Oh, and HanaKappa is a Japanese children’s anime and manga character. A kappa is a mythical impish sprite or similar, and HanaKappa means ‘flower monster’, and he has a flower on his head. I should add that he’s entirely friendly!
Each Premium Box comes with a little bonus non-food item. This month it is this cute little guy, a Calimero Mobile Phone Strap.
Calimero is the main character in an Italian/Japanese anime series. He is a little chick, charming but hapless, and always wears half an eggshell on his head. Calimero in his car is one of four possible options included, and though I can’t attach a charm to my phone I might put him on my car keys instead; it seems appropriate!
The Premium Box also always contains an exclusive Japanese drink. The Fujiya Nectar Peach & Cherry Blossom Juice is a special limited-edition variety to celebrate the Sakura (cherry blossom) season of Spring. I love peach juice and peaches, and the cherry taste adds a subtle and unusual edge. Very, very delicious.
Now, I’ve saved the best for last.
Not one but TWO KitKat varieties! Now, you’re probably familiar with the regular Western KitKats, the chocolate-covered wafer fingers. The most common is milk chocolate, though occasionally a different type (remember the mint version?) is briefly produced.
Japan takes KitKats to a whole new level. They have every flavour you can imagine and a whole bunch more. You can even get sake KitKat. Google ‘Japanese KitKat’ and prepare to drool.
The two included in this box are KitKat Baked – Butter Cookie Flavour and KitKat Winter Edition Everyday Luxury.
The KitKat Baked is covered in white chocolate with an amazing butter cookie taste, and can be eaten as a regular KitKat. OR (get this) you can put it under the grill where the little sugar crystals in the topping caramelize and and produce the most amazing taste.
The KitKat Winter Edition box contains packages of both white and milk chocolate-covered sticks, topped with bits of almonds and dried cranberries. There’s nothing everyday about this KitKat.
Simply amazing. You’ll never look at a KitKat the same way. The only problem is that they’re only available in Japan! And of course to subscribers of TokyoTreat.
So there is everything. What a splendid selection.

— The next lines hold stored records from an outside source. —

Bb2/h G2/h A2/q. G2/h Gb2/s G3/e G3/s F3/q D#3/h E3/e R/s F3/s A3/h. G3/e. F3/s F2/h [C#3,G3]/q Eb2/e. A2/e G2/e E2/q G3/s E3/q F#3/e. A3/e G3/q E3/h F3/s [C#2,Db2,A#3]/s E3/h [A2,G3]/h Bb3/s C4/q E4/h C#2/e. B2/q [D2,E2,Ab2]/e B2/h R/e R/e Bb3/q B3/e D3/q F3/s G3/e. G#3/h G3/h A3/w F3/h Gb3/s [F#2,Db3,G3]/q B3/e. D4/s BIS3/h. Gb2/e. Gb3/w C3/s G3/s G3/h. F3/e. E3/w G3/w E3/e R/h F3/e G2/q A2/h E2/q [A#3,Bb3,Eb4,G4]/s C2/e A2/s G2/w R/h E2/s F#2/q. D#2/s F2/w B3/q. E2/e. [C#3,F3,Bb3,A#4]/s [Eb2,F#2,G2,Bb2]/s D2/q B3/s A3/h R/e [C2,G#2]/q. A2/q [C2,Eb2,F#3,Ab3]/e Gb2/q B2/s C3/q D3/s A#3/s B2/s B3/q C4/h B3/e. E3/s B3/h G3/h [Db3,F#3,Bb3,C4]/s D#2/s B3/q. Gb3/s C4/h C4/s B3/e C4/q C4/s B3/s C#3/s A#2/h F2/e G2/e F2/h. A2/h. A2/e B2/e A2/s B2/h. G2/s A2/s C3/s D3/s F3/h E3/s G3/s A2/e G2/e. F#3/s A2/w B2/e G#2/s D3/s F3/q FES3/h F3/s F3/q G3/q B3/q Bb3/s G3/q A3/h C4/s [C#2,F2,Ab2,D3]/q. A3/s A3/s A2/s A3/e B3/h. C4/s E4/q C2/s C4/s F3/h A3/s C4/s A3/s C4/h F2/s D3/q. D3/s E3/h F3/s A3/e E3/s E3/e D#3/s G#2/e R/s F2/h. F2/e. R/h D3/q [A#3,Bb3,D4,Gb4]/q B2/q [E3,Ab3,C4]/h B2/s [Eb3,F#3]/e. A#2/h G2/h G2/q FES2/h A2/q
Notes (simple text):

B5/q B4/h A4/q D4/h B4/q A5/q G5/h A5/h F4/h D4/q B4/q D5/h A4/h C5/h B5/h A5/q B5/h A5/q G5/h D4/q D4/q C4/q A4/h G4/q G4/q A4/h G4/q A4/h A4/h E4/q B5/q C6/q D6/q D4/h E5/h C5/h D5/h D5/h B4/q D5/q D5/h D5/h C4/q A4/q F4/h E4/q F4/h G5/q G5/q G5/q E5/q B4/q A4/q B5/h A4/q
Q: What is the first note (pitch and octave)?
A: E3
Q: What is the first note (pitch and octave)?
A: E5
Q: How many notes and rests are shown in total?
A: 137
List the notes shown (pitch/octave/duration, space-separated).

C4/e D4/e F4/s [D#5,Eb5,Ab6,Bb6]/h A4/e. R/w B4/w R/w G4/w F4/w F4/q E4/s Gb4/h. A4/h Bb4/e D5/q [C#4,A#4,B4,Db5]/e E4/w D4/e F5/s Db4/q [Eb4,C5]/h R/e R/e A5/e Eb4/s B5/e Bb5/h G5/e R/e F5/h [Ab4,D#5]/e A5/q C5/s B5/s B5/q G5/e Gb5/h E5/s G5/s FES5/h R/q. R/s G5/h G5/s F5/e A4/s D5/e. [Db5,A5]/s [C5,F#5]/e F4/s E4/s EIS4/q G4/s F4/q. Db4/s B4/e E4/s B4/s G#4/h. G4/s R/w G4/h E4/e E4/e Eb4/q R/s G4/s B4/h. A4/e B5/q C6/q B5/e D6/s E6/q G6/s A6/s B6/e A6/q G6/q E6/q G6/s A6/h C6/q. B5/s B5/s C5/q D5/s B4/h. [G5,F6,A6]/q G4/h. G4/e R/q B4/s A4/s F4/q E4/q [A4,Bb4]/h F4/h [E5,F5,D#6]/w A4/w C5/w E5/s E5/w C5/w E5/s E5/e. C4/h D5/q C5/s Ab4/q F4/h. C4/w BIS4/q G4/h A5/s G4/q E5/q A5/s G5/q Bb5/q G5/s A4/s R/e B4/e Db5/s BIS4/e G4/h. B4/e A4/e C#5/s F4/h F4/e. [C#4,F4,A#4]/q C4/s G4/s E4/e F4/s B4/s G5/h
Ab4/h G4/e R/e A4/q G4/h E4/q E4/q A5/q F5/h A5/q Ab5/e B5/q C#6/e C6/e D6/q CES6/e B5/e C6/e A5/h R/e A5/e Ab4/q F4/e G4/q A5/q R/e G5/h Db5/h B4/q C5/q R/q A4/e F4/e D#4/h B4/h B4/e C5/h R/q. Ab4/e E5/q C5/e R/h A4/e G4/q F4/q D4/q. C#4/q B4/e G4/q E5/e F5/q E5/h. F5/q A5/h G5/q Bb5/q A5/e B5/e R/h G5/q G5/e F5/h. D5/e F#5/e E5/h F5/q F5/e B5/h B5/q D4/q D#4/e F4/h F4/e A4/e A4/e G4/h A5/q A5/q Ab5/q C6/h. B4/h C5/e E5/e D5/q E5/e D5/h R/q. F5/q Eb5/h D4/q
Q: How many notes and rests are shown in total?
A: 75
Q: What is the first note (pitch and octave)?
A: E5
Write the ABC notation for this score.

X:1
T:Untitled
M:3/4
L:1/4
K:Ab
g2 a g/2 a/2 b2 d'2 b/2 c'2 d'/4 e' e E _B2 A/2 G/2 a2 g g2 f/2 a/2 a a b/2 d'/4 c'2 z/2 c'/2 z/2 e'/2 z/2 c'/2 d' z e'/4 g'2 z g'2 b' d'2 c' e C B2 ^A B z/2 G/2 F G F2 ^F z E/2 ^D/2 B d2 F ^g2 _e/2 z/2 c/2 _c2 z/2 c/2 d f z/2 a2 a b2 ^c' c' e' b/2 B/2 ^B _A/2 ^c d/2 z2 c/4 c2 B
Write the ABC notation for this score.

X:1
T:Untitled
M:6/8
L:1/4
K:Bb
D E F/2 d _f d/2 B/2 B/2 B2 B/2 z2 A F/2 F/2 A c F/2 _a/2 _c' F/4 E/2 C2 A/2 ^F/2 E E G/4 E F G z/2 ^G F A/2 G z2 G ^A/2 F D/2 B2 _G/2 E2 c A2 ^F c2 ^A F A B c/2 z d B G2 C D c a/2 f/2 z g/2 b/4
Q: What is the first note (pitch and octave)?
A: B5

I love that they’ve included two different KitKats because they really show off the uniqueness of Japanese candy flavours. The Dagashi bag is very good this month, with three savory snacks (even though I couldn’t eat the Umaibo). Pocky is always welcome, and again demonstrates the huge variety you can’t get anywhere else.
Because so many of these items are exclusive and limited the value is terrific. You could probably poke around various import sites and find some of these things, but when you factor in shipping plus general hassle factor it adds up to an awful lot.
This box always includes a great variation of flavours and textures, and while one more of my items should have been savory (and I love savory stuff) its replacement was the caramel corn and I can’t get enough of that stuff!
I like the little phone charm as the extra item; not only is he cute but I’ve been introduced to yet another Japanese character. The packaging of Japanese snacks is so wonderful too, such amazing bright colours and fun illustrations, and it adds an extra dimension to the enjoyment of all the deliciousness!
This is a tip-top box from TokyoTreat. My only problem is stopping myself from eating everything at once!